En Orient, la situation ne s’est pas sensiblement modifiée depuis quelques jours ; tout ce qu’on peut en dire, c’est qu’elle ne s’est pas aggravée. Le concert européen est toujours la meilleure, sinon la seule garantie que nous ayons du maintien de la paix, et tout le monde a approuvé la démarche par laquelle le comte Goluchowski a rendu ce concert plus manifeste et plus efficace.
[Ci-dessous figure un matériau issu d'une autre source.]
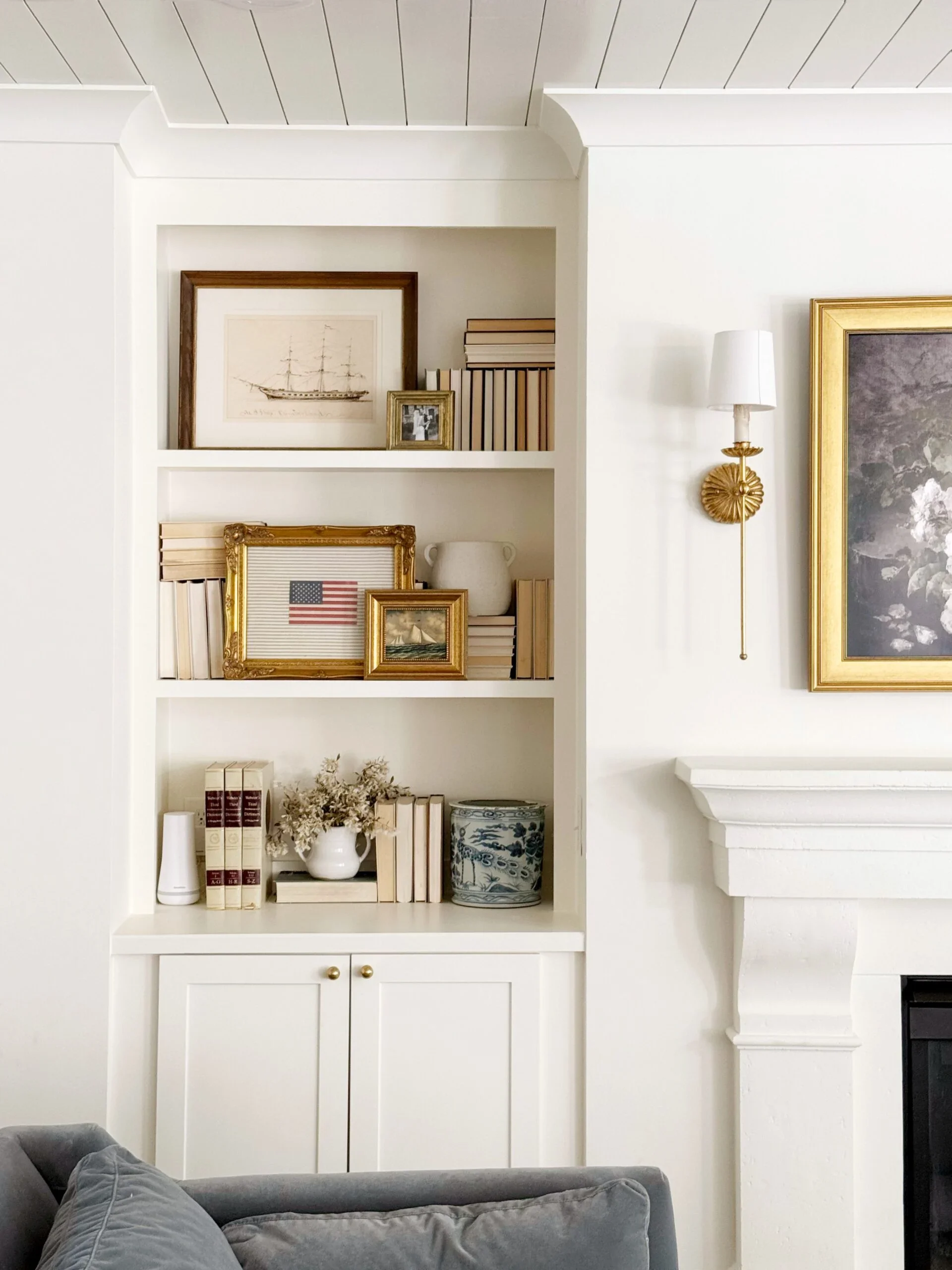 A built-in white bookshelf filled with framed pictures, books, a white vase, and decorative items. A vintage painting of a ship is on top, with other framed photos and books arranged around. To the right, there is a white wall with a gold wall sconce and a dark fireplace with a white mantle.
L’Autriche a presque toujours pris, dans les grandes crises orientales, des initiatives de ce genre, et plus d’une fois, il faut l’avouer, les complications ultérieures n’en ont pas été évitées ; mais, dans les circonstances actuelles, on ne pouvait rien faire de mieux, ni de plus, que d’européaniser la question qui avait été d’abord traitée seulement par trois grandes puissances, l’Angleterre, la France et la Russie. La multiplicité des intérêts en présence et quelquefois la difficulté même de les accorder permet de croire que rien ne sera fait à la légère, et qu’aucune puissance ne se laissera entraîner à une action isolée. Lord Salisbury, qui a pris en main avec tant de hardiesse la cause arménienne, est le premier à parler de l’union de toutes les puissances et de la nécessité de la maintenir. « Quelques personnes, disait-il dans un discours récent, semblent s’imaginer qu’en Angleterre nous disposons des décisions de toutes les puissances. C’est nous attribuer plus d’influence que nous n’en avons. Tout ce qui sera fait doit l’être avec unanimité, mais je ne puis parler qu’au nom d’une des puissances qui seront toutes d’accord (si elles tombent d’accord) sur toute action qui pourra être engagée. Je n’admets pas que la responsabilité de n’importe laquelle des décisions qu’elles pourront prendre pèse entièrement, ou même pour la plus grande partie, sur l’Angleterre. »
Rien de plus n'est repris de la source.